Since adult hearts cannot usually repair themselves once damaged, harnessing the power of this gene represents major progress towards the first curative treatment for heart disease.

This is really exciting because scientists have been trying to make heart cells proliferate for a long time.

None of the current heart disease treatments are able to reverse the degeneration of the heart tissue—they only slow progression of the disease.

The research was conducted by a team at the University of Cambridge.

The cell cycle—through which cells make copies of themselves—is tightly controlled in mammalian cells.

Cancer develops when cells start to replicate themselves uncontrollably, and the Myc gene plays a key role in the process.

Myc is known to be overactive in the vast majority of cancers, so targeting this gene is one of the highest priorities in cancer research.

Much recent research has focused on trying to take control of Myc as a means of cancer therapy.

When the researchers made Myc overactive in a mouse model, they saw its cancerous effects in organs including the liver and lungs: a huge amount of cells started replicating over the course of a few days. But in the heart, nothing much happened.

They found that Myc-driven activity in heart muscle cells is critically dependent on the level of another protein called Cyclin T1, made by a gene called Ccnt1, within the cells.

When the Ccnt1 and Myc genes are expressed together, the heart switches into a regenerative state and its cells start to replicate.
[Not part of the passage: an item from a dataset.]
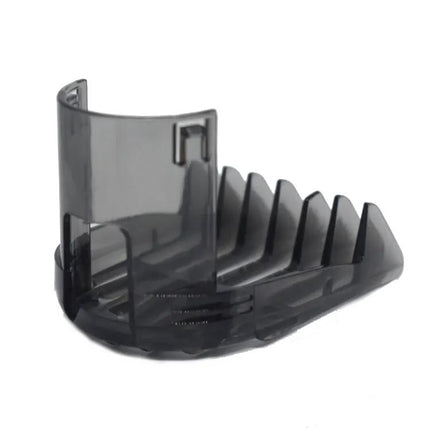 Limit Comb for Philips Hair Clipper Durable Plastic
Heart failure affects around 23 million people worldwide each year, and there is currently no cure.

After a heart attack, an adult human heart can lose up to one billion heart muscle cells—called cardiomyocytes.

Unlike many other organs in the body, the adult heart can’t regenerate itself, so these cells are never replaced. Their loss reduces the strength of the heart and causes scar formation, heart failure and ultimately death.
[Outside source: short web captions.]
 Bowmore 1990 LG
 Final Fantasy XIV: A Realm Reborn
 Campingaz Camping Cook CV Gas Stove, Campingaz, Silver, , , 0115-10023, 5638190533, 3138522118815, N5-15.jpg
None of the current treatment options can reverse the degeneration of heart tissue. The inability of the heart to regenerate itself is a significant unmet clinical need.

As the world’s population grows and the prevalence of heart failure increases, the cost of patient care is anticipated to increase dramatically.

The researchers hope to develop their findings into a genetic therapy for the treatment of heart disease.

The lead author of the study is Dr. Catherine Wilson, a researcher in’s Department of Pharmacology.

The study is published in Nature Communications.